Brief: Under this line are records; the part from the line containing "Invitation Nous avons" through the line containing "Skärbräda glas modern Svarta vinflaskor" should be repeated exactly. Please exclude pictures.

___ Records shown

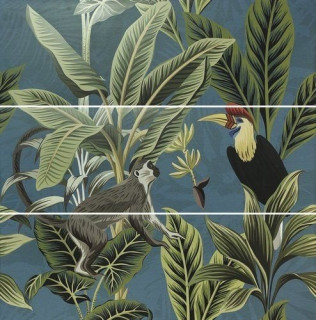 Ape Silk Decor Set(3) Abc Toucan Blue 40x120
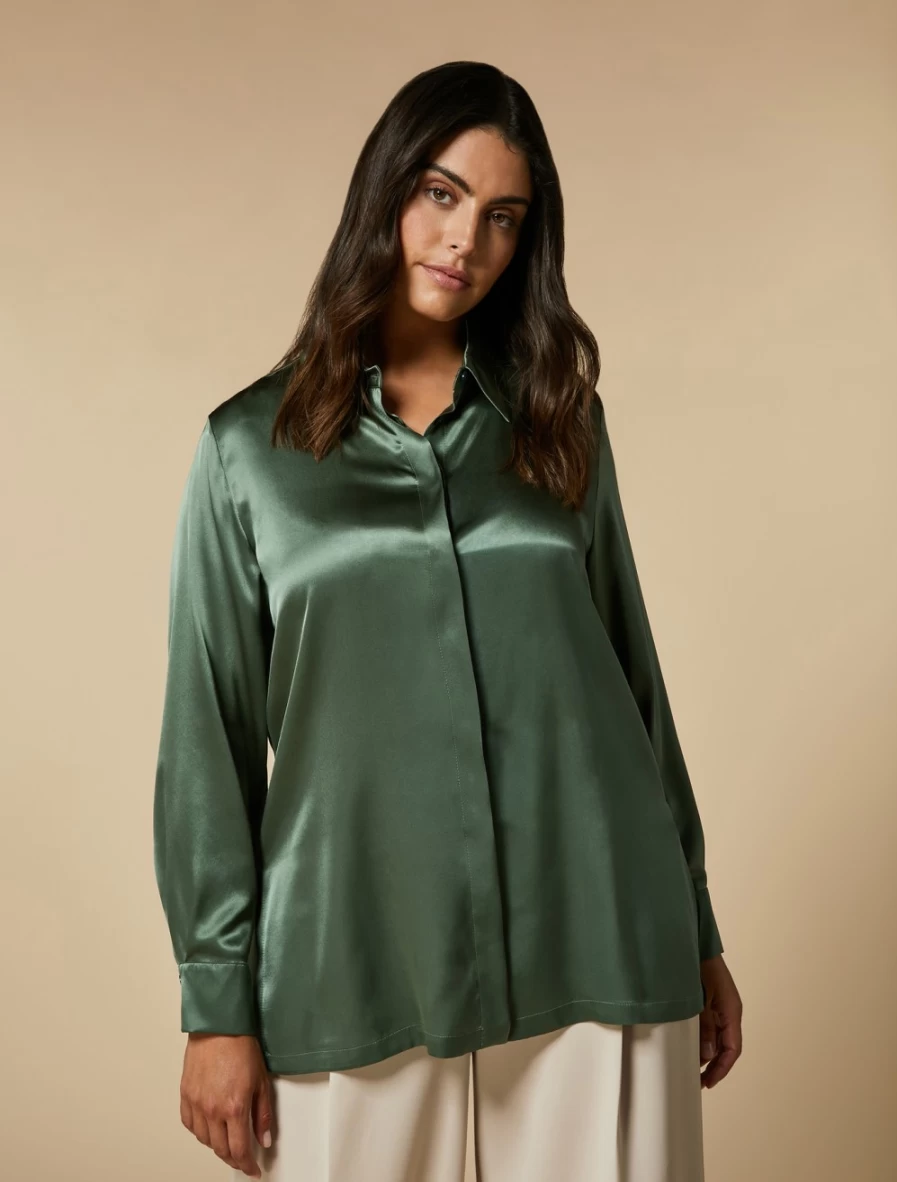 Marina Rinaldi Women's Olive Green Silk Satin Shirt - Luxury Elegant Blouse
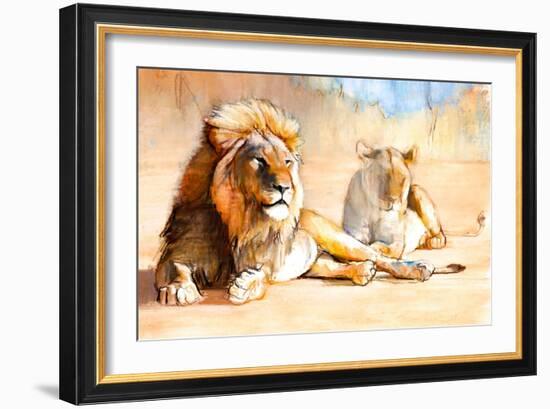 King and Queen, 2020, (pastel and pigment on paper)-Mark Adlington-Framed Giclee Print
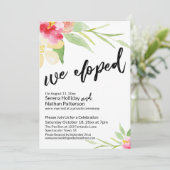 Invitation Nous avons Elopé Script Décontracté avec Fleurs Aq (Debout devant)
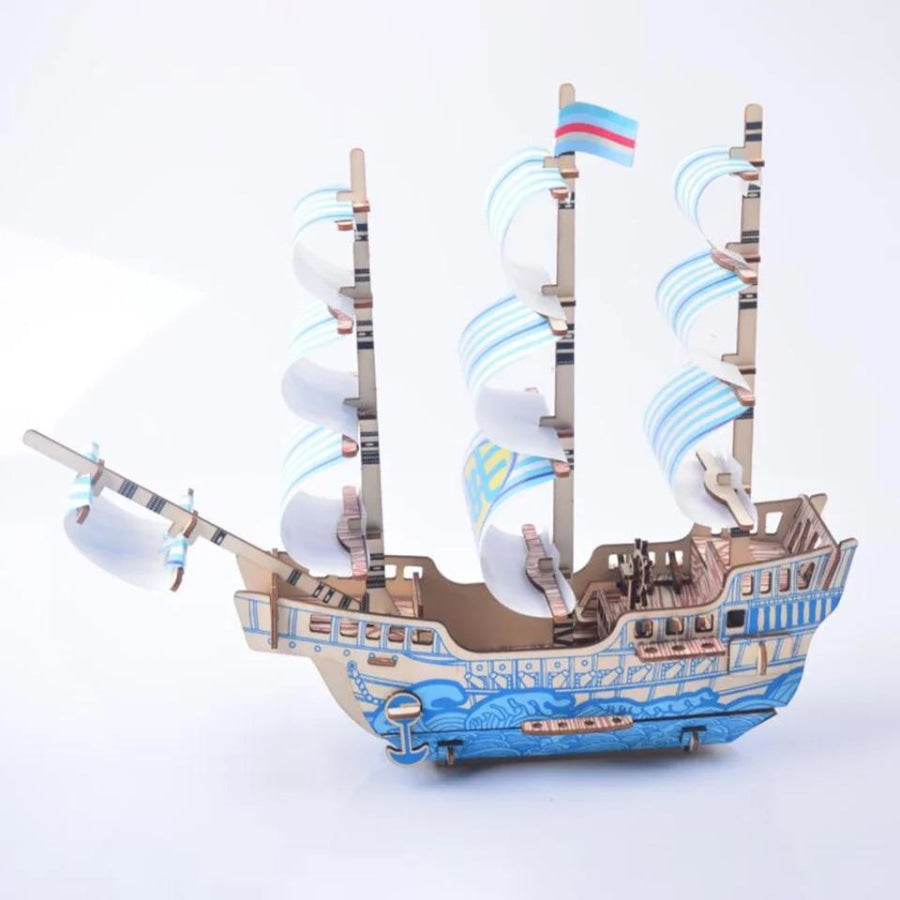 Blauw droomschip | 3D Houten Bouwpakket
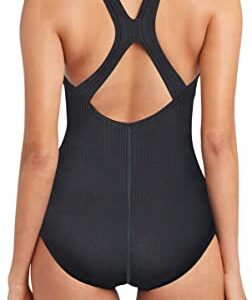 Speedo Womens Ultraback One Piece Swimsuit (Speedo Black Rib, Large)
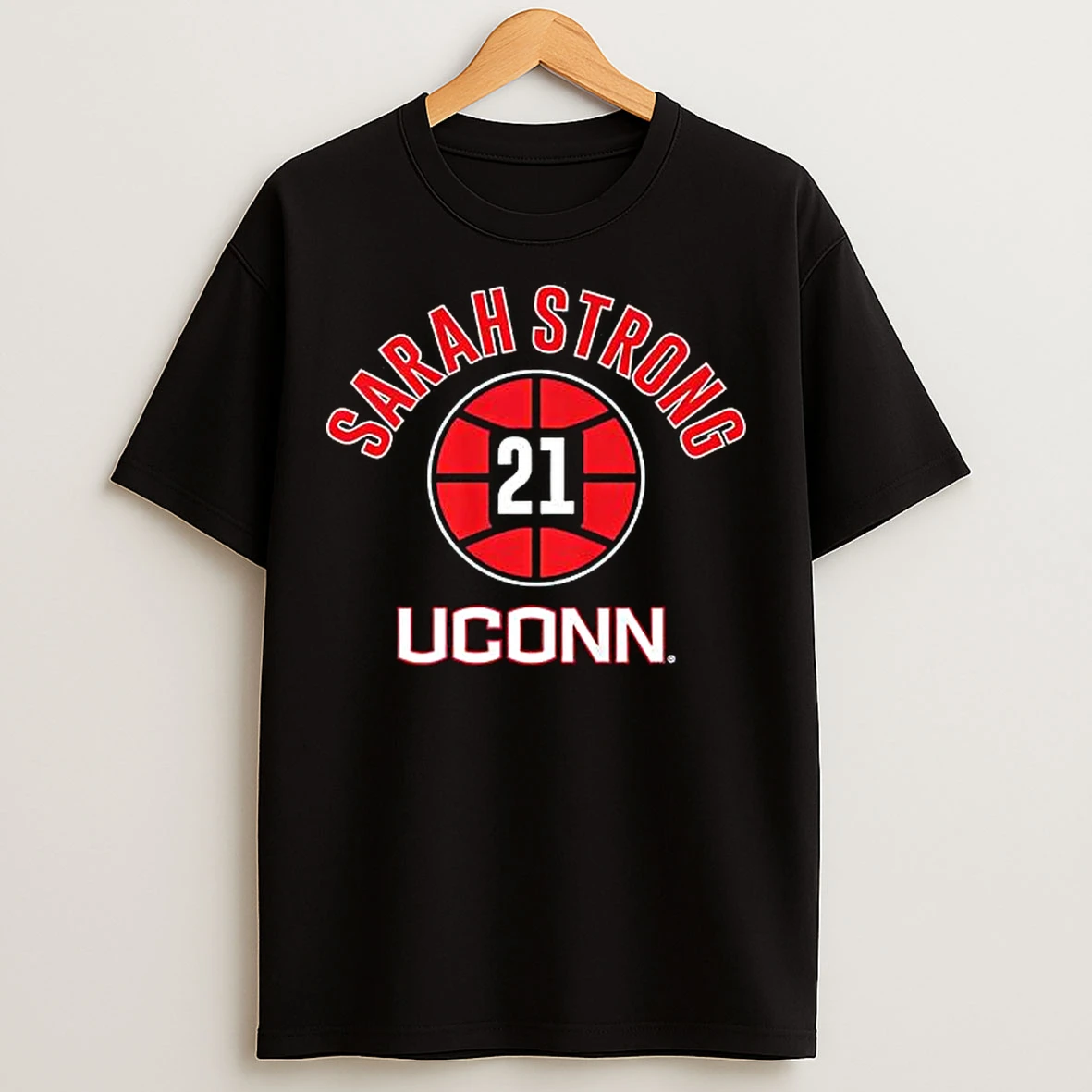 Classic Sarah Strong Name Number Ball Uconn Basketball T Shirts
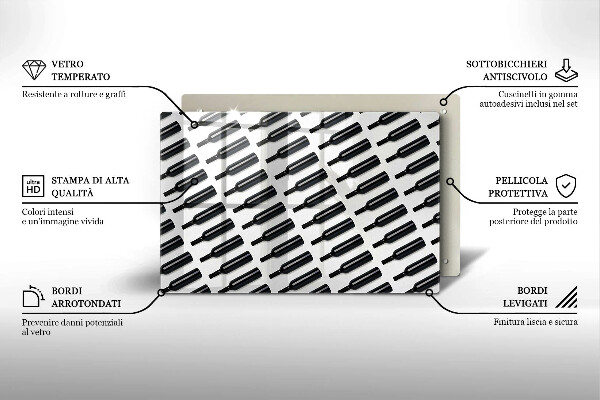 Skärbräda glas modern Svarta vinflaskor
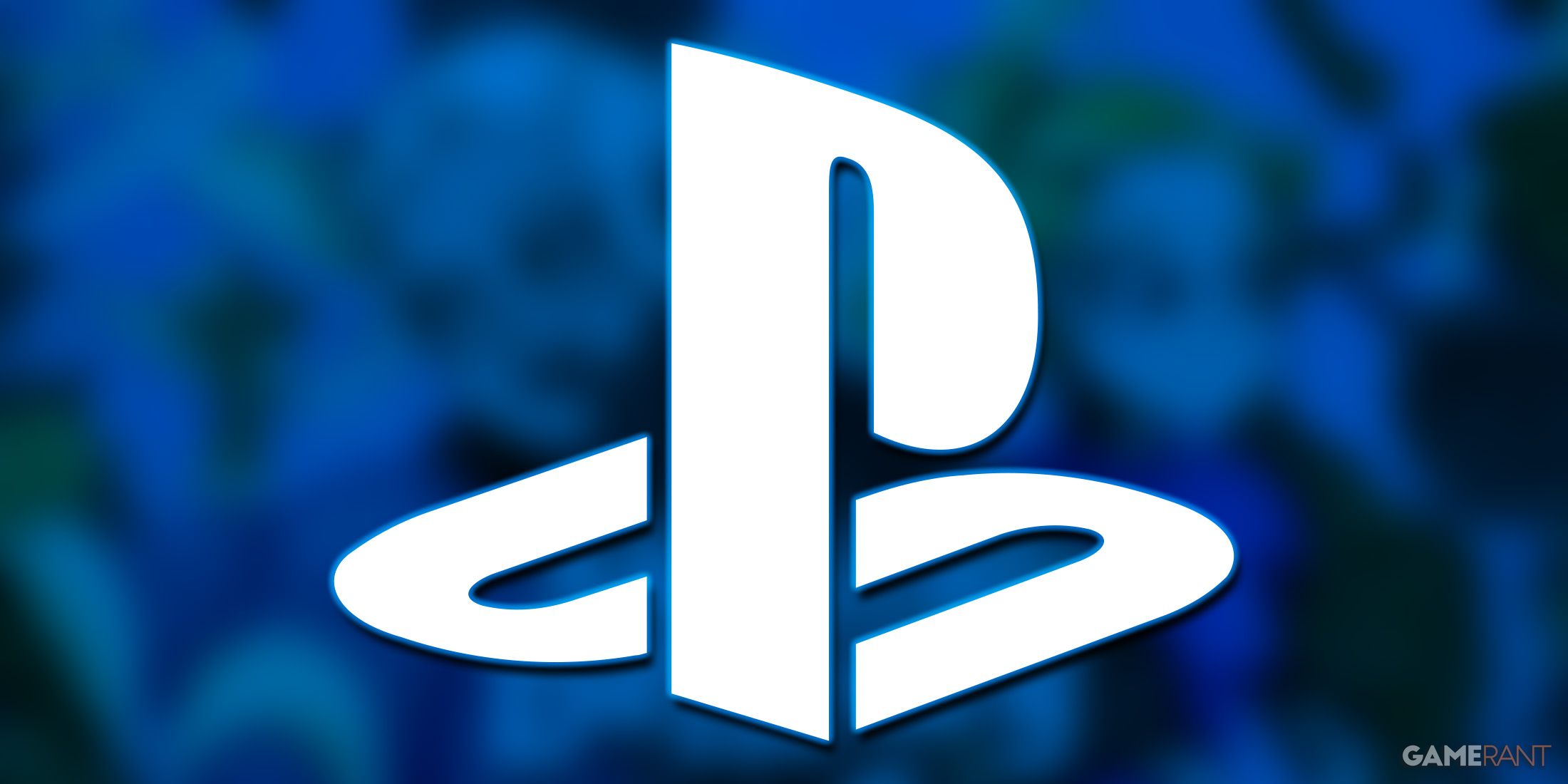 White PlayStation logo emblem over blue-tinted and blurred Magical Delicacy cover artwork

______

Response to the task:
 Invitation Nous avons Elopé Script Décontracté avec Fleurs Aq (Debout devant)
 Blauw droomschip | 3D Houten Bouwpakket
 Speedo Womens Ultraback One Piece Swimsuit (Speedo Black Rib, Large)
 Classic Sarah Strong Name Number Ball Uconn Basketball T Shirts
 Skärbräda glas modern Svarta vinflaskor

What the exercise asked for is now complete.